Un amigo mío fue invitado a veces a enseñar en algunas universidades colombianas de renombre. Lo merecía por sus trabajos como escritor y le sobraba talento. Pero siempre fue rechazado al fin porque su hoja de vida no acreditaba un posgrado, según le dijeron. Y ni siquiera un grado. Dijo él. El único diploma que obtuve, me dijo sonriendo, fue el de asistente al congreso mundial de brujería que convocó hace lustros Simón González. No se sentía humillado. Pero yo lamenté que el país se privara por un formalismo de un hombre inteligente, culto y hasta genial, que hizo solo, a solas, al margen de la academia, sus lecturas profusas y bien aprovechadas.

El poeta hubiera sido útil como maestro de alguna cosa en alguna parte. Era sabio en un montón de arcanos. Y, sobre todo, tenía una admirable claridad de pensamiento para plantear problemas interesantes. Pero, en cambio, lo vi deslizarse hacia la vejez con un gesto de altanería que le sentaba, cosechando el condumio en agencias de publicidad de medio pelo, porque las grandes ya comenzaban a preferir los publicistas graduados aunque se emberenjenaran en la sintaxis y maltrataran la ortografía como picapedreros. Puedo decir que entre las personas que conocí, las más enriquecedoras y brillantes fueron autodidactas que entregaron su vida al conocimiento por el placer de saber, o de dudar, que es el modo más seguro de acercarse al conocimiento más allá del fulgurante mercado de las simulaciones.

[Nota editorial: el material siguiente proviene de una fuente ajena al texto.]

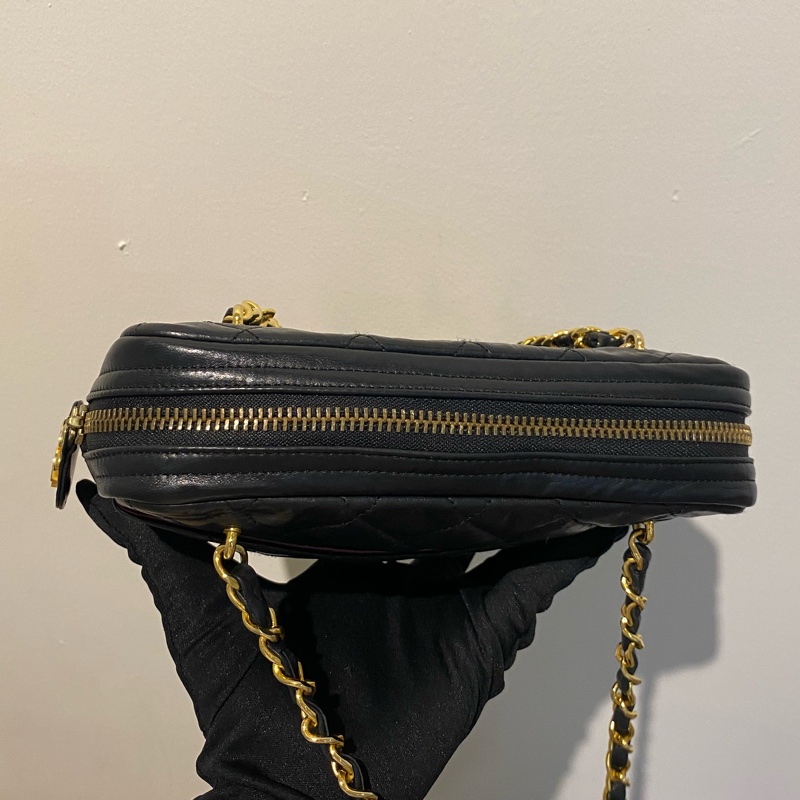 Chanel vintage 流浪雙鏈黑金菱格-9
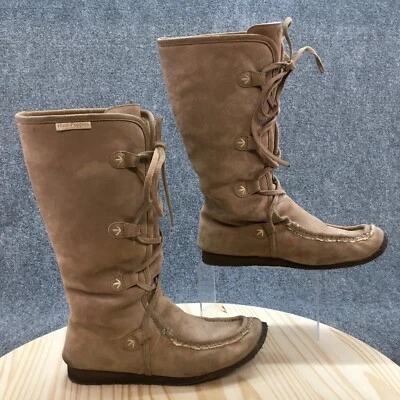 Botas Hush Puppies para mujer 10 M cuero marrón nieve con cordones tacones de cuña tobillo Foto 1 de 4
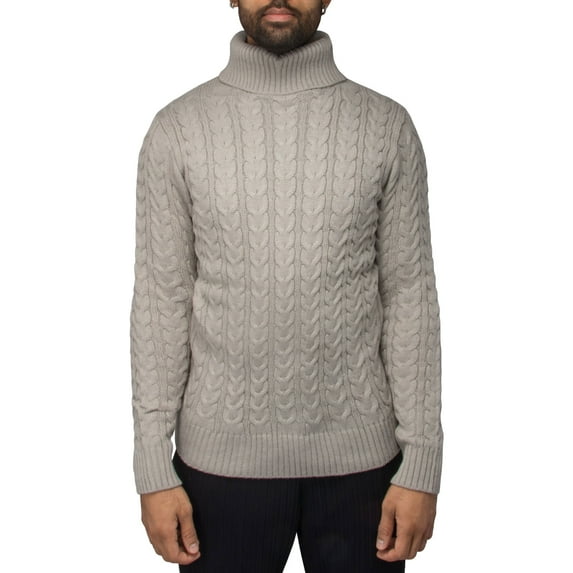 X RAY JEANS Mens Cable Knit Roll Neck Sweater, Sand, M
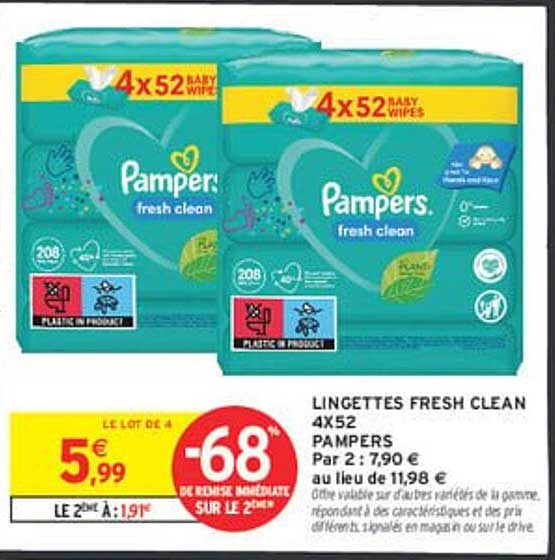 LINGETTES FRESH CLEAN 4X52 PAMPERS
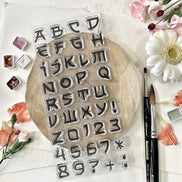 CLEAR STAMP SET - ALPHABET SOLEIL LEVANT -SOL126- CHOU & FLOWERS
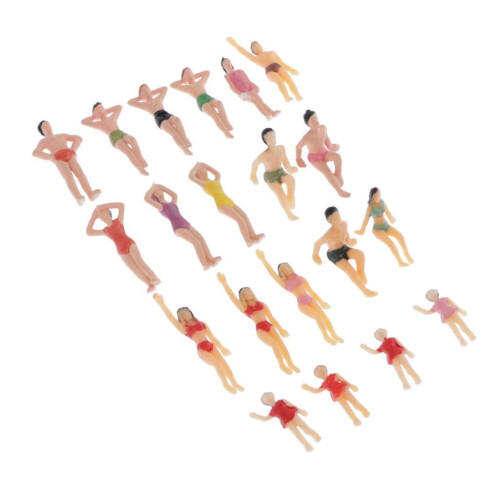 O-skala strandfigurer miniaturemodel 20 stk. 2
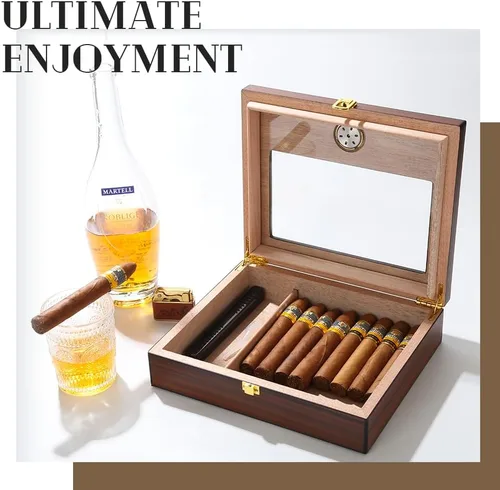 Miniatura 2 de Bald Eagle Humidor de puros, caja superior de vidrio con higrómetro humidificador, caja de madera de cedro de escritorio hecha a mano con capacidad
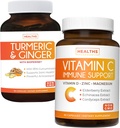 תמיכה בוויטמין C Immune & Turmeric Curcumin - תמיכה יומית: Immune + Joint Health - Immune Support - ויטמין C עם Zinc (Non-GMO) & Turmeric Curcumin - Black Pepper Extract Extract (Non-GMO)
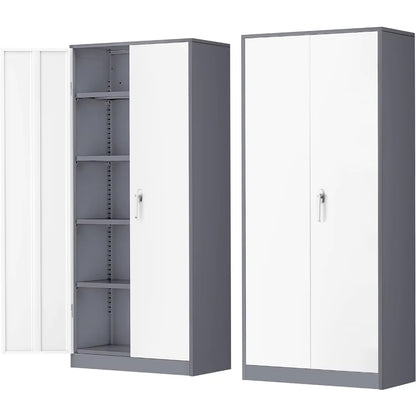 Metal Storage Cabinet, 72" Black Locking Storage Cabinets with Doors and 4 Shelves, Steel Lockable File Cabinet Metal Locker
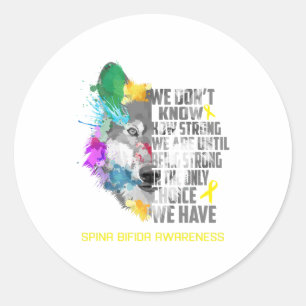 Sticker Rond Spina Bifida Sensibilisation Ribbon Cadeaux de sou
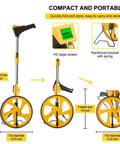 Digital Measuring Wheel With Backlit Display Foldable Handle Up To 99,999 Feet Or 99,999 Meters Portable With Kickstand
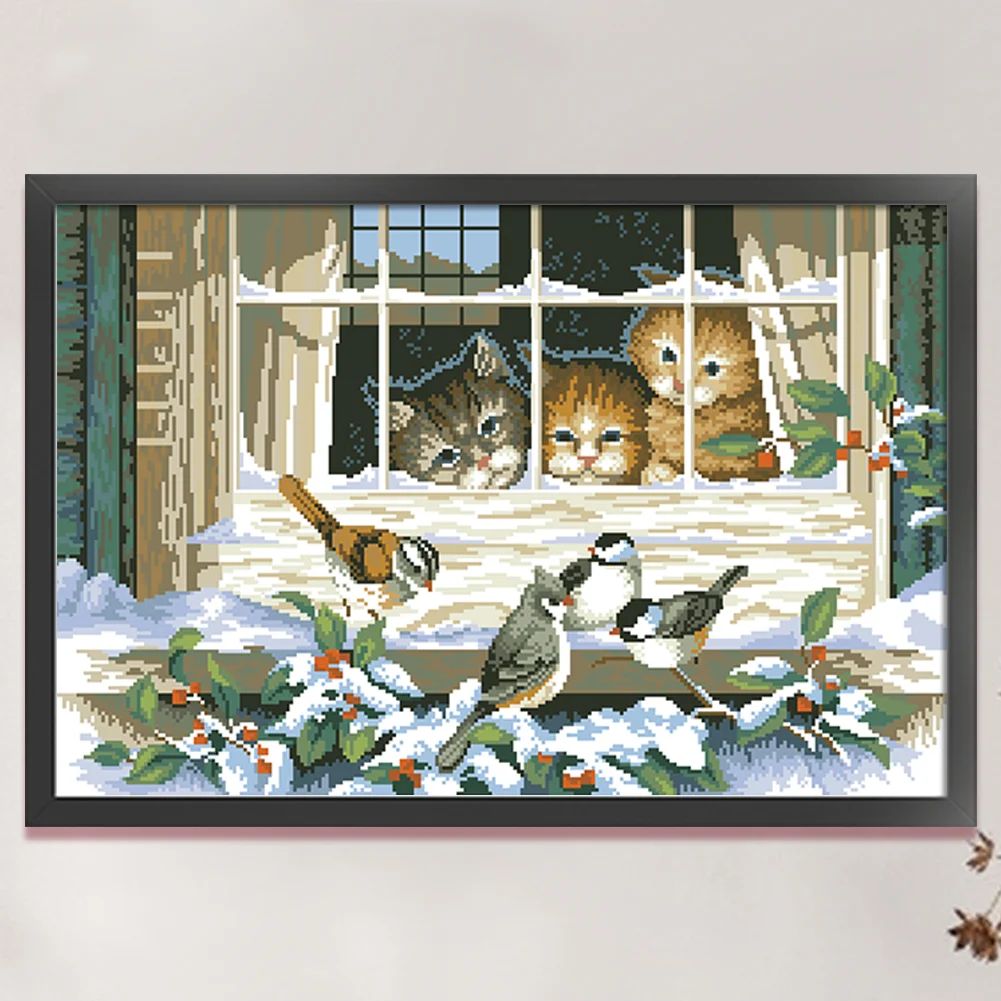 9CT Full Stamped Cross Stitch Bead Embroidery- Cat(Canvas|71*46CM)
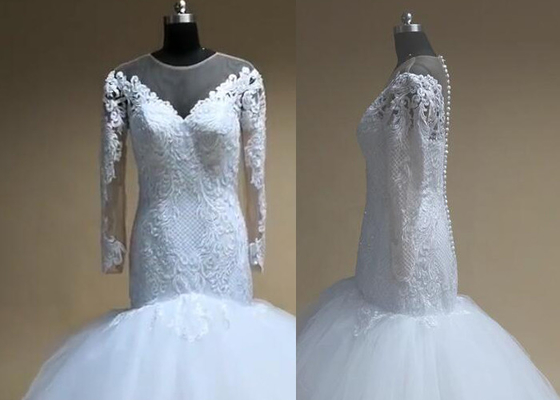 Long Sleeves Beading Ruffle Skirt Mermaid Style Wedding Dress In White Pure Colour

El amargo Thomas Bernhard dijo que la educación no es más que una manera de destruir niños. Y le da la razón el estado de cosas de este mundo de posgraduados que se nos han convertido en una plaga, en un enjambre de parásitos enquistados cerca de las más suculentas tesorerías, poniendo cara de probidad e importancia y gastando escoltas a costillas nuestras. Mientras muchas personas honestas y meritorias padecen el ostracismo. Fernando González, el pensador envigadeño que también conoció el aislamiento, aunque por otras razones, dijo en una entrevista póstuma que los muchachos estaban muertos desde el principio, por aquello de las causas finales, pues nacían para estudiar, estudiaban para casarse, se casaban para tener hijos y tenían hijos para morirse. Y Rimbaud rogaba para que reinventáramos el amor y la vida. Pero habría que empezar por reinventar la educación. La universidad. Y el prekínder. Que es con mucha probabilidad donde comienza el desastre moral del hombre moderno.